James Hong may be the most famous Asian face you've never heard of. You may remember him as Wong in last year's Balls of Fury, or as Chen in the TV series "The Big Bang Theory," doing the usual stereotypical Asian role that is being examined this month on Turner Classic Movie's "Race and Hollywood: Asian Images in Hollywood." He's also had small roles in some of the great films of his generation, including Mr. Chew in Blade Runner, the butler Kahn in Chinatown, Victor Shu in The Sand Pebbles, and the Japanese general in Airplane!.

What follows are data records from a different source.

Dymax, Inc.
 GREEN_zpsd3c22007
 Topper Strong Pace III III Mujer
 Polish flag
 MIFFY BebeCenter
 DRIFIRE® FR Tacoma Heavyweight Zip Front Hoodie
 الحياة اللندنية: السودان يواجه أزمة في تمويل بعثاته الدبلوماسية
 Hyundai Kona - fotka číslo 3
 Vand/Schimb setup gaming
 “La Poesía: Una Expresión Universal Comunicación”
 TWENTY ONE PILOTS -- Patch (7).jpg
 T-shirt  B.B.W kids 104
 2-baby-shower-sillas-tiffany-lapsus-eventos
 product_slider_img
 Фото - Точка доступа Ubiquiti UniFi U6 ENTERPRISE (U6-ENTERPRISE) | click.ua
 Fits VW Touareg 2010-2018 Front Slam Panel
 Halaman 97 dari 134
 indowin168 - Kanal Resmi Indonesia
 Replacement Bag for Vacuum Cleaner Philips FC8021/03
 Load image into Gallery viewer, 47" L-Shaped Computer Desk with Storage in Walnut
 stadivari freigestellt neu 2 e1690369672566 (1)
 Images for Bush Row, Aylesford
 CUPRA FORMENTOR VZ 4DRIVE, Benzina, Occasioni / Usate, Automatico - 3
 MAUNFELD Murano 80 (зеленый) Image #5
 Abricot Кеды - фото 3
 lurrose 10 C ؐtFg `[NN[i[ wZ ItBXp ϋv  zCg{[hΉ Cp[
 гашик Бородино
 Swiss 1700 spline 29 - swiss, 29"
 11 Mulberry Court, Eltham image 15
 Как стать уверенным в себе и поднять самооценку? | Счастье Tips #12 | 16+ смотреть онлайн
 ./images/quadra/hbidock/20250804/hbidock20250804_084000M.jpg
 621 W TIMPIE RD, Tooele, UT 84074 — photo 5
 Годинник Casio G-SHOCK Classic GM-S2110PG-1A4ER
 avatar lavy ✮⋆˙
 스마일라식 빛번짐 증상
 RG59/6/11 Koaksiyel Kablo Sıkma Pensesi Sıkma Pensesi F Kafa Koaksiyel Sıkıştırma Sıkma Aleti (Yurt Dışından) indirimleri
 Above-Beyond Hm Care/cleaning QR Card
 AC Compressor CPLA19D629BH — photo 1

You won't see Hong in his latest role, as Ping, the father of Po (voiced by Jack Black) in Kung Fu Panda, which opens today and was reviewed by Curt Holman in this week's issue.
I love James Hong, partly because I love character actors (it's a TV Guide thing; I'll explain it someday) but also because you can see in his countless performances someone who knows exactly what he's being called on to do but often tries to pull back just enough to (hopefully) prevent his often stock Asian characters from slipping too far down into the minstrel level. (Check out his performance as the Chinese ambassador in two "West Wing" episodes in 2002 and see him work from a more serious dramatic context.) There's a certain level of dignity he brings to every performance. The funny thing is, Hong was born in Minneapolis. According to his IMDB profile, the man who got beat out by George Takei for Sulu in "Star Trek" is a founding member and chairman of Asian Pacific American Artists.
Here's what Curt had to say about Ping in Kung Fu Panda: "Hongs character is a goose who is Po/Jack Blacks father (adopted, presumably, even though they never actually explain that) and cant imagine that Po would aspire to anything beyond cooking noodles. Its a gently comedic performance thats fairly appealing."